Wednesday, May 16, 2012

A Fine Specimen

Most days, I manage to be both a mom and a doctor.  Which leads some people to think that I must have it more together than average, sort of an "I Don't Know How She Does It" phenomenon, except that I'm not as skinny or as perky as Sarah Jessica Parker.  Spoiler alert:  I am about to destroy this myth forever, by telling you a story about...urine specimen cups. 

I know certain things about myself.  One of them is that whatever I don't do the night before (pack lunch, add something to the briefcase) has a high likelihood of falling right out of my brain in the morning rush.  I know this, and yet I occasionally go off to bed muttering the deluded phrase, "I'll just grab it in the morning".  Yesterday I applied said delusion to my breast pump parts.  The pump itself lives under my desk at work, but all the little plastic gadgets have to come home and go through the sterilizing cycle, then come back to work the next day to keep the dairy running.  It is admittedly a little complicated.  On this particular morning I didn't realize my grave error until the moment I pulled into my parking space.

(Sidebar:  I call it "my" parking space because it is the same spot in the parking garage that I choose every single workday. My brain is so cluttered that I will otherwise forget where I parked and have to wander around a five-level parking deck looking for myself.  I don't think anyone else actually considers it "my" space, but thankfully no one else seems to want it.)

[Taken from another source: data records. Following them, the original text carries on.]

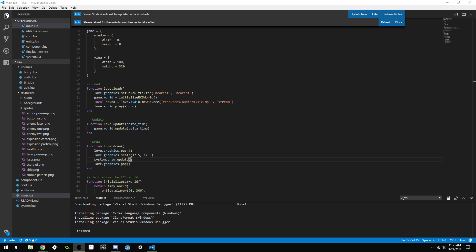Good morning, afternoon, or evening wherever and whenever you are. My name is Benjamin and welcome to a quick little video. Today I'm going to talk about entity component systems. I've been busy the last couple of weeks working on the action RPG course, and I decided to make a small test project using Love2D and Lua, which is a game engine for 2D game development. It's pretty popular and open source.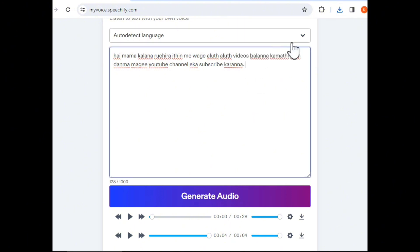This is available as a free version, and there will also be a premium version. This is the software that you can use. If you want to deep-clone your voice, you can use it as a video.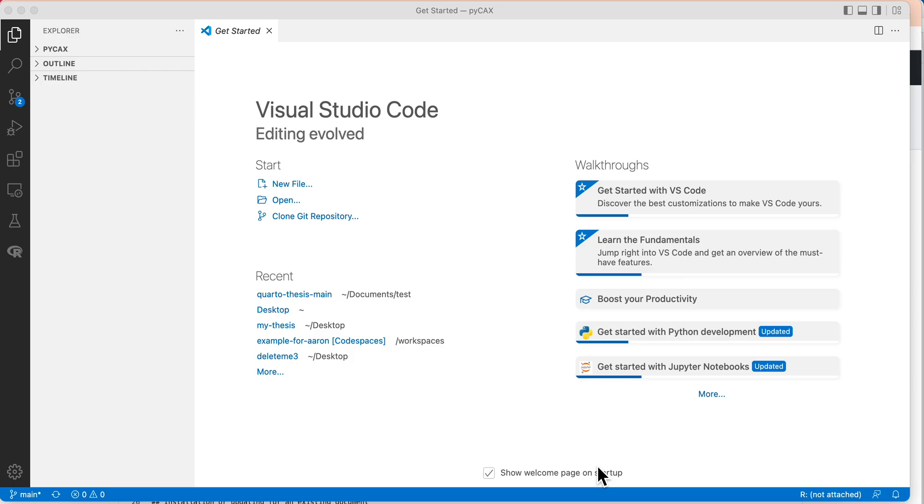I'm going to show you how you can render Quarto thesis in Visual Studio Code if you're a Python programmer. You're more likely to be using this, so I'm assuming that you have the Quarto thesis folder on your computer.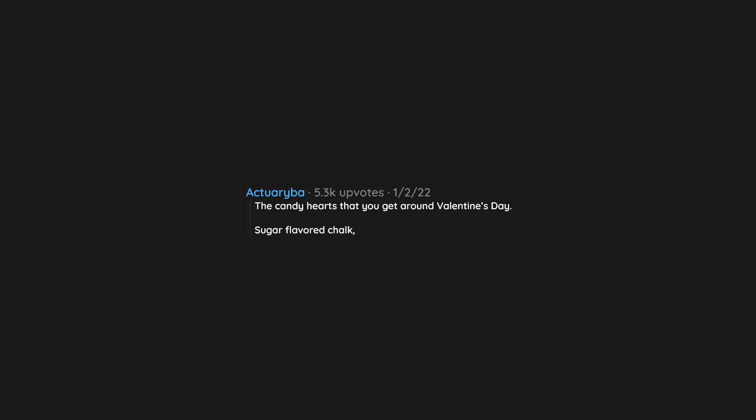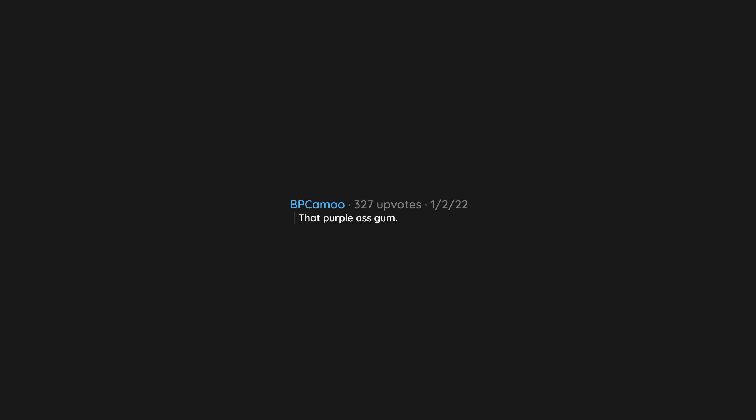The candy hearts that you get around Valentine's Day. Sugar flavored chalk. I'm out. That purple ass gum.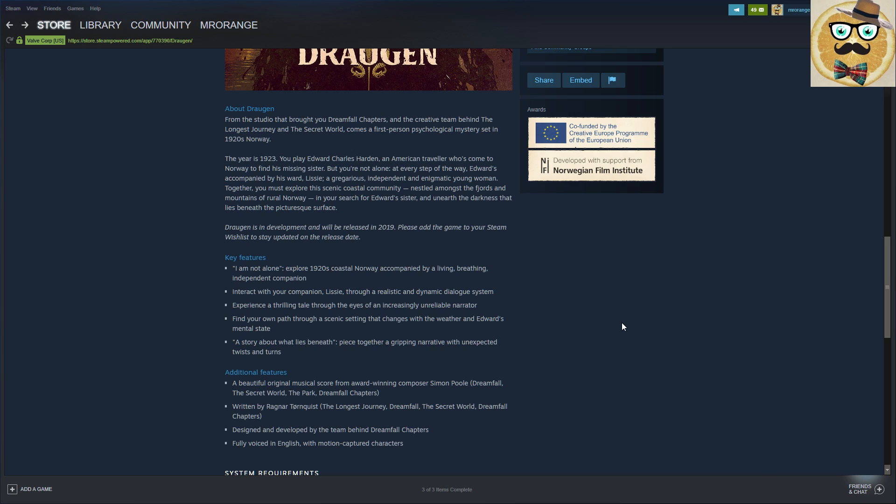Comes the first person psychological mystery set in the 1920s in Norway. And yeah, definitely in Norway, it looks like Skyrim. I'm actually pretty much surprised. I shouldn't be surprised, I mean it's Norway, it's the north folks.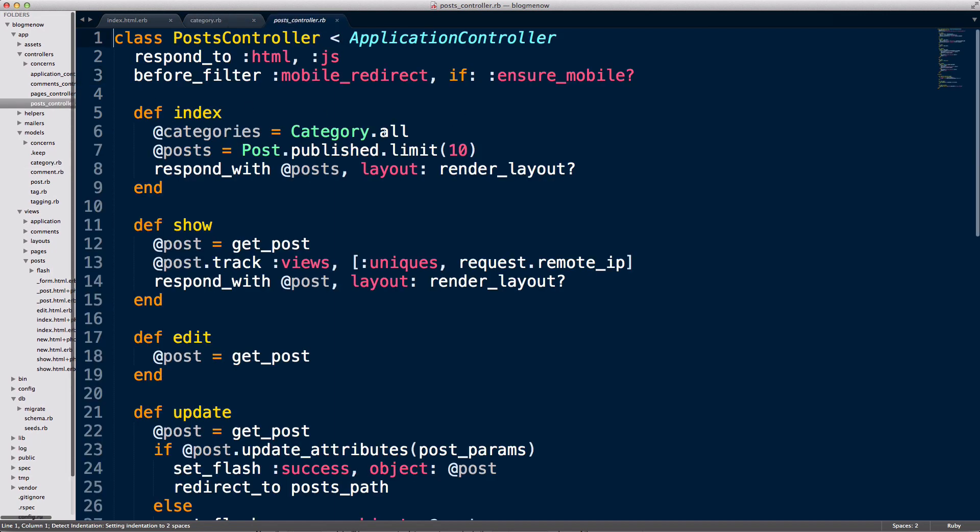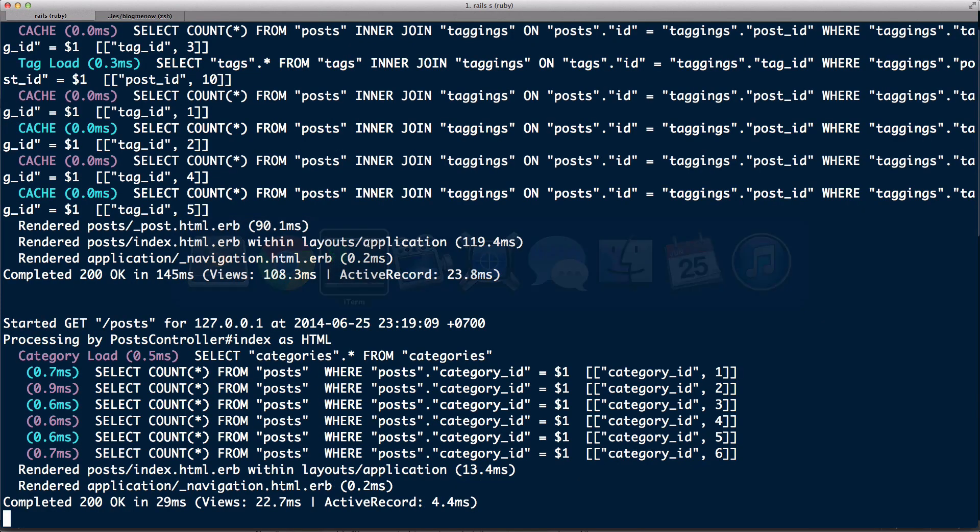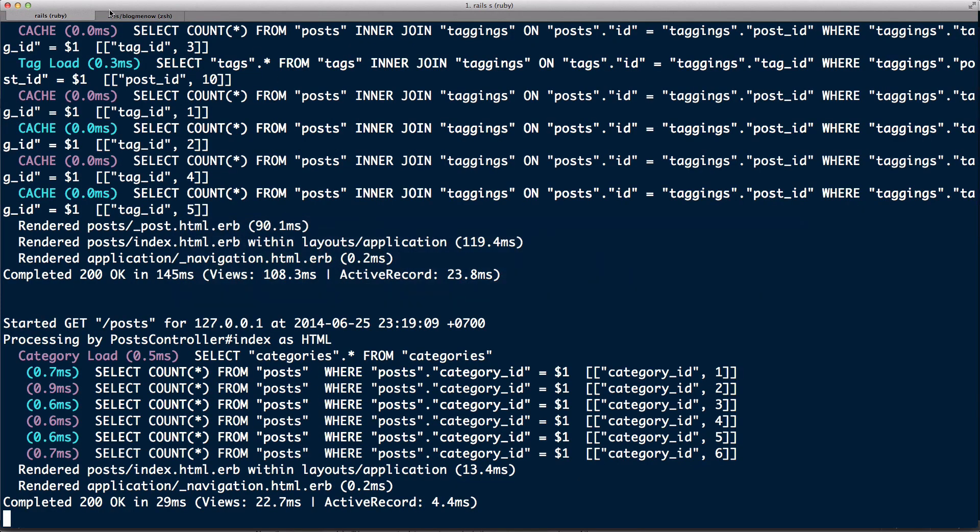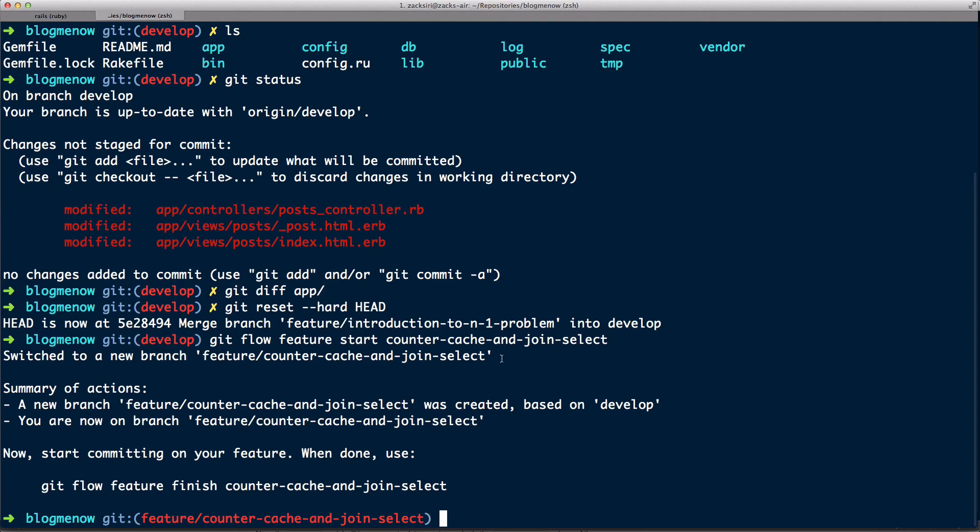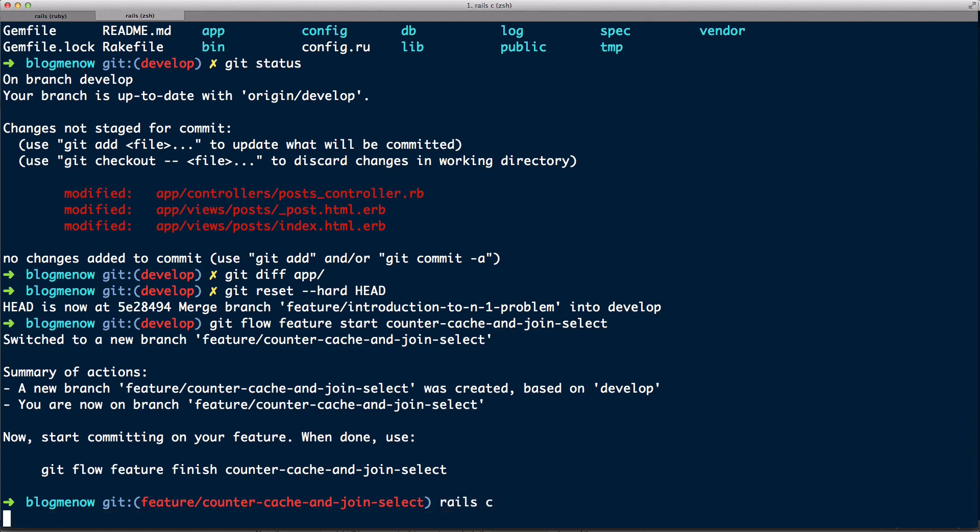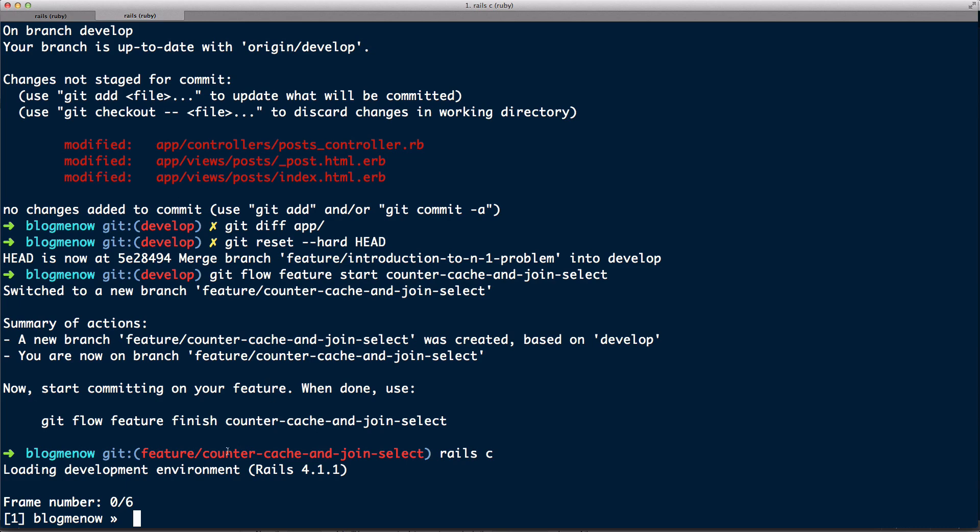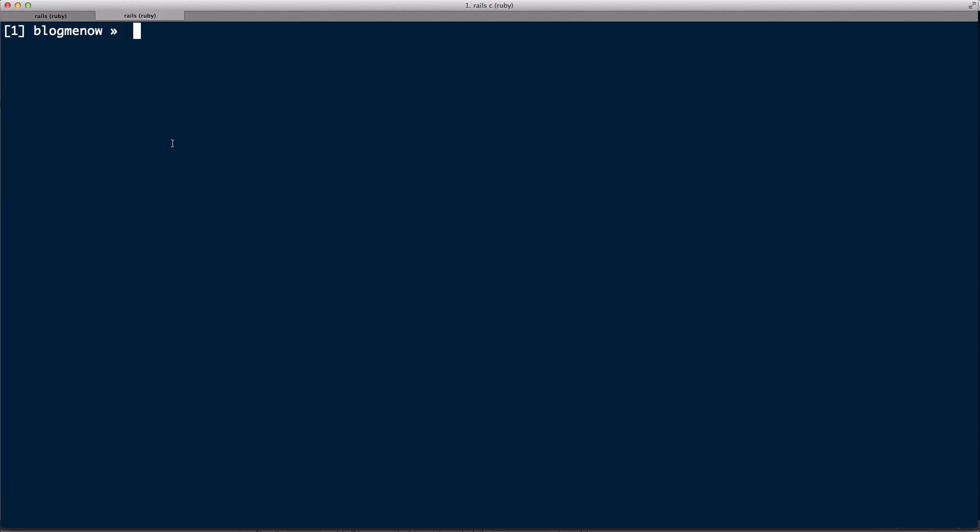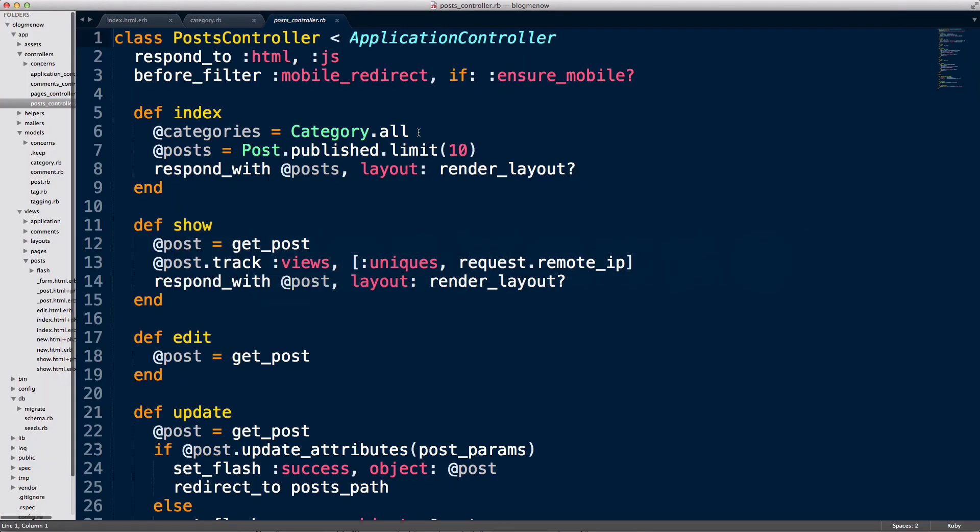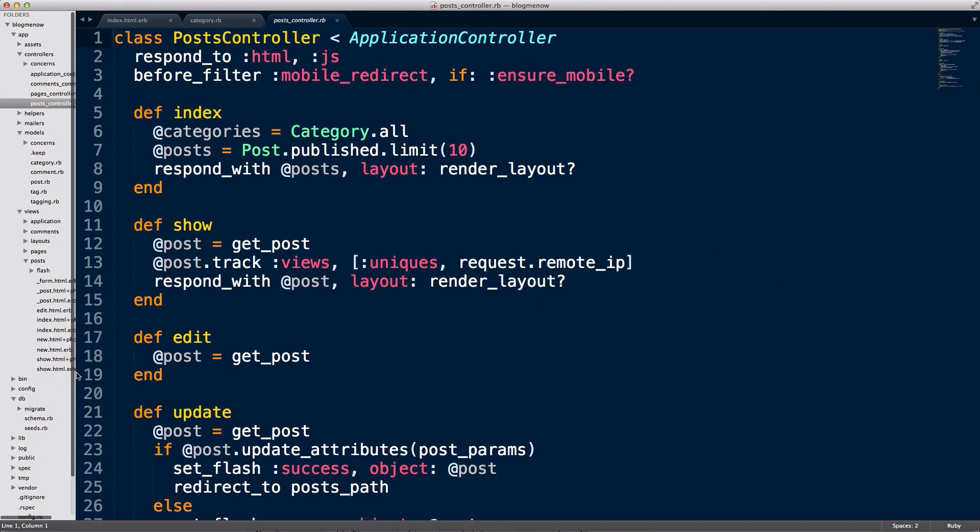So what I'm gonna show you today is another solution. I'm gonna show you basically how to do a join and select. When I'm solving a problem like this, I like to go into the terminal and do it over there. So I'm gonna head over here and I'm gonna go to rails console and I'm gonna try and simulate the problem that I have.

So there I was with a set of vigorously lactating breasts, an extra-long workday that involved three planned pumping sessions, and nothing with which to extract milk.  I contemplated various unappealing options including an hour-long round trip home during lunch, asking my already overloaded hubby to rescue me, or going upstairs to the NICU and begging for a "new mom" kit.  Which I most certainly don't qualify for, but they don't make an "old mom with breastfeeding brain" kit. 

Then it hit me.  Wasn't I missing a set of parts anyway?  And weren't they probably in the car somewhere?  A quick scramble in the floorboards, and I had a set of parts that could be washed and do for the day. But what was I going to put the milk IN?  You guessed it...this is where the cups come in. 

A quick trip into the clinic supply room and I had a handful of brand new urine specimen cups that sealed up Mommy Milk just as well as those fancy Medela suckers do.  Day salvaged, I went about my business. 

The only awkward part was last night, when I had to bring the hubby up to date on the slight change in the dairy supply chain.  "The stuff in the fridge in urine specimen cups is milk.  It's clean.  Don't ask."